Considering their legendary propensity for rock and roll excess, this band, who over almost 40 years have racked up 23 top 40 singles and 17 top 40 albums, are doing pretty well. Jet was once nicknamed The Hoover, after all. “I wonder what that alludes to,” says JJ, mischievously, joking that it must have been because of his fondness for housework.

“I don’t know if we partied harder than other bands,” he adds. “We didn’t compare notes. We may have partied quite a bit and fought quite a bit. But others have died.

“As you get older you lose friends by the wayside, though. It’s a normal process but it doesn’t make it easier.”

Yet still he remains the band’s hard man, and refuses to take any nonsense. When a fan at a show in Liverpool last year was foolish enough to throw a pint of beer over him on stage, JJ handled the situation with panache: maintaining eye contact, finishing the song, then going into the crowd to give him a slap. Not a punch; a slap. “There’s nothing more humiliating than being slapped,” he says, “especially by a bloke. It looks much better if you do things for yourself, rather than hiding behind a big gorilla.”

The band have been no strangers to trouble. At one point they were banned by the Greater London Council from playing anywhere in the capital — and then there was that incident in Sweden which saw them locked in an underground dressing room while their road crew were beaten up and their equipment smashed by rockers. They escaped by making Molotov cocktails and blowing up their cars.

“They were Swedish Teddy Boys,” says JJ. “They saw this band from London with a reputation and thought ‘let’s see how tough they really are’.

“It was like that everywhere we went. We became a scapegoat and we got attacked. Every night there were bottles and punch-ups and our van would get smashed up. We often had to lock ourselves in our dressing room because people wanted to lynch us. It was tedious but it became a habit. It didn’t faze us, but others freaked out.”

The attitude may be pure punk, but their music, with its catchy melodies, great lyrics, deep basslines and keyboard runs, has always been more than that. Songs such as Peaches, No More Heroes, Something Better Change, Always the Sun and the classic Golden Brown bear little resemblance to the three-chord bursts of noise spewed forth by their contemporaries.

“We’ve never considered ourselves ‘just’ a punk band,” he says. “We have a lot of punk ethics, though, and that was our apprenticeship. After that, you had all the shoe-gazers, and people who didn’t know how to face an audience or avoid bottles being thrown at them. But we did suffer early on for playing synthesizers.”

As well as a full-time job as one of the toughest men in rock, JJ still finds time to teach karate. “There’s no contradiction,” he says. “My students know what I do in my other life and know I’m dedicated and serious.”

So how did he get into it? “It was a fashion at the time,” he says. “Guys like Bruce Lee made martial arts look good, and I got the bug, and it has stayed with me ever since.

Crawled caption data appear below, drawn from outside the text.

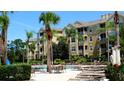 Resort-style condo community featuring a sparkling pool, palm trees, and plenty of lounge chairs at 7682 Sir Kaufmann Ct, Kissimmee, FL 34747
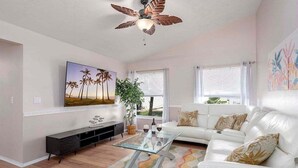 Ein Wohnzimmer mit weißem Sofa, einem Glastisch, einem Deckenventilator, einem an der Wand befestigten Fernseher und einem großen Fenster mit Jalousien.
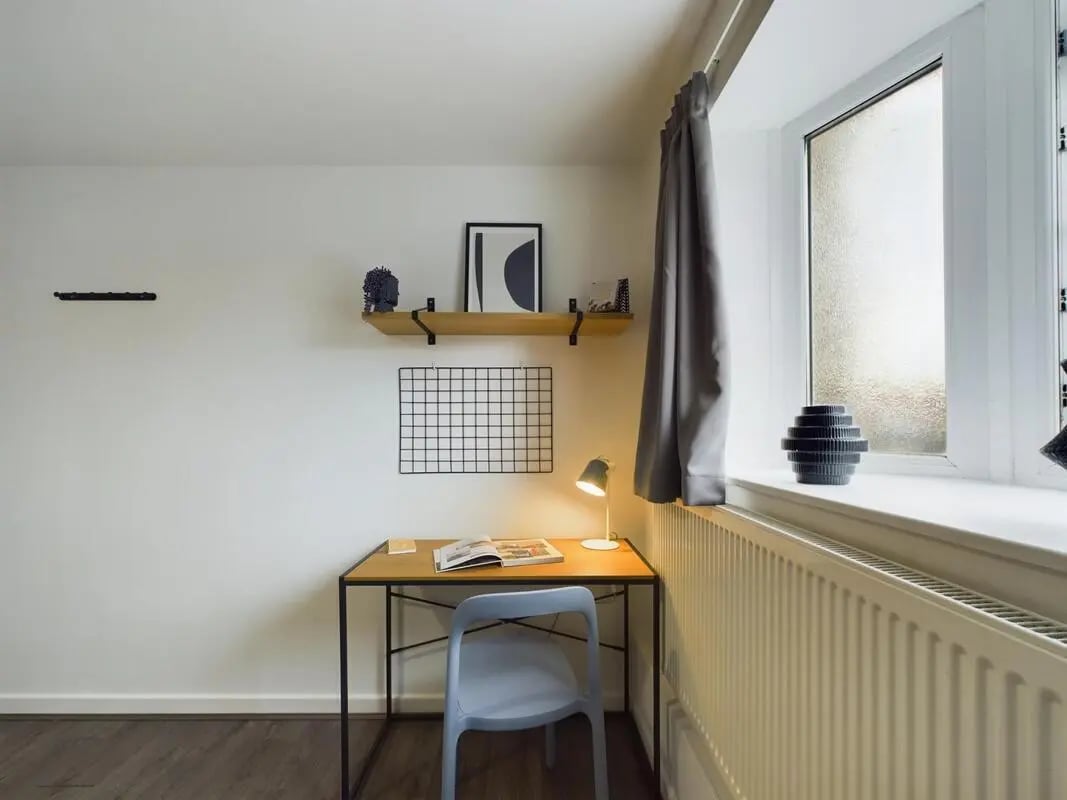 Desk chair lamp and shelf study area at 6 Bedroom House at 2, Flat 2, Windsor House, Clint Road West in Liverpool Student Accommodation
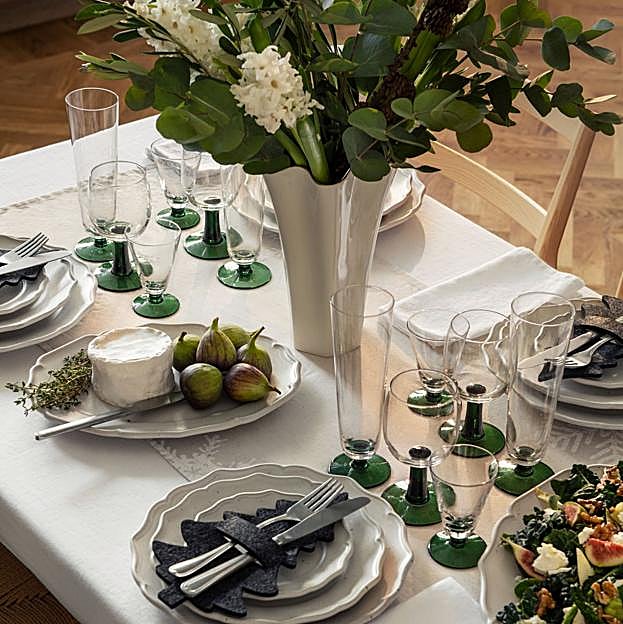 Imagen principal - El mantel de lino lavado (disponible en más colores) cuesta 49.99 euros; el plato de cerámica pintado a mano, 24.99 euros la unidad, igual que el bol.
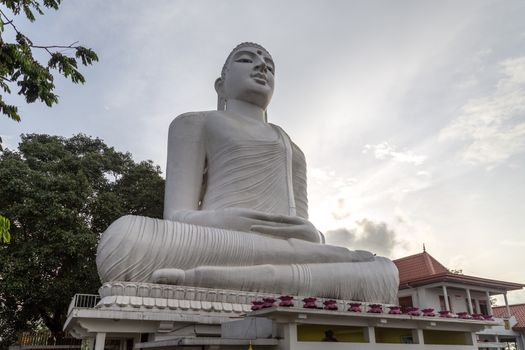 Kandy, Sri Lanka - August 10, 2018: Bahirawakanda Vihara Buddha Statue ocated on top of a hill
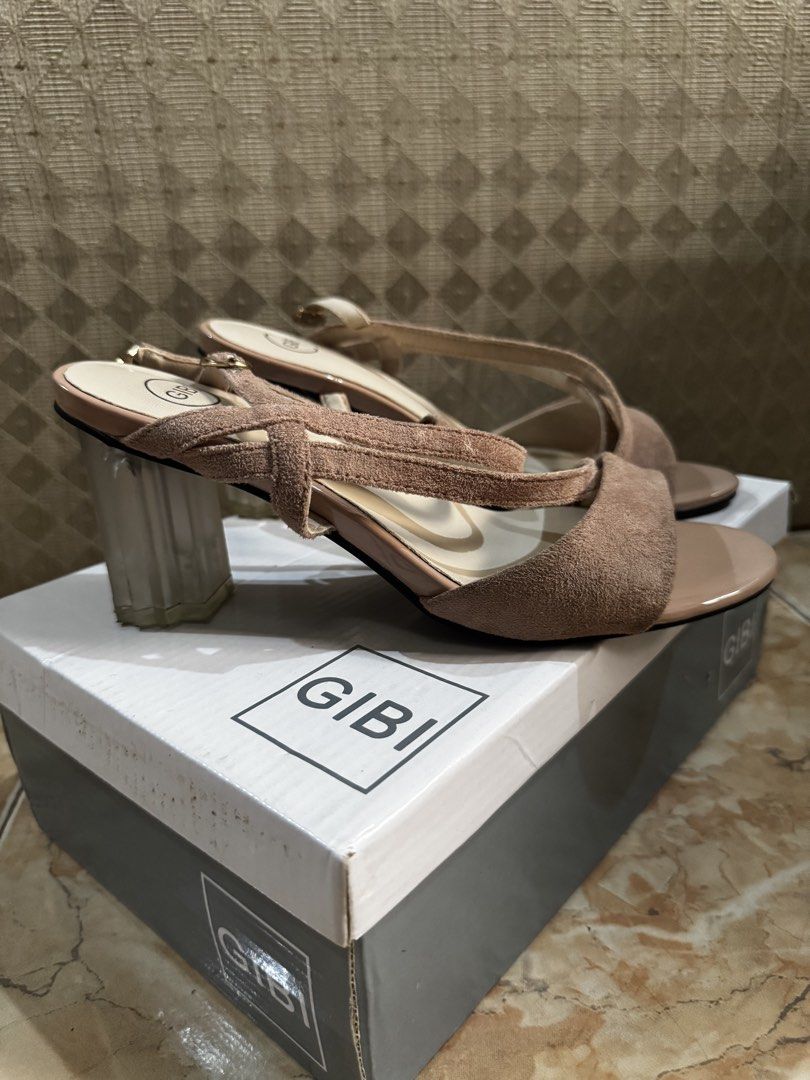 Gibi Nude Strappy Heels with Clear Block Heel (Category: Heels) located in Bacolod City. Submitted by lovedandprelovedbygee (Listing ID 1466166421, Image 2). Description: - Brand: Gibi - Color: Nude - Heel: Trendy clear block design - Material: Soft suede-texture straps across the front and ankle - Closure: Side buckle for a secure fit - Packaging: Comes in original Gibi shoebox - Condition: Excellent / Ready to wear.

It has also saved my arse a few times and kept me grounded.”

It also keeps him physically fit. “Everything you do in martial arts negates the ageing process,” he says. “I’ve never heard of a martial artist getting Alzheimer’s. I am building synapses all the time.”

And so to the big question: how much longer will they continue? JJ laughs. “Somehow we’ve managed to survive all this time, which is well past our sell-by dates. After 40 years we are still playing and thoroughly enjoying ourselves. But you can’t play this kind of music on a Zimmer frame, and Jet’s condition is reminding us of our finiteness.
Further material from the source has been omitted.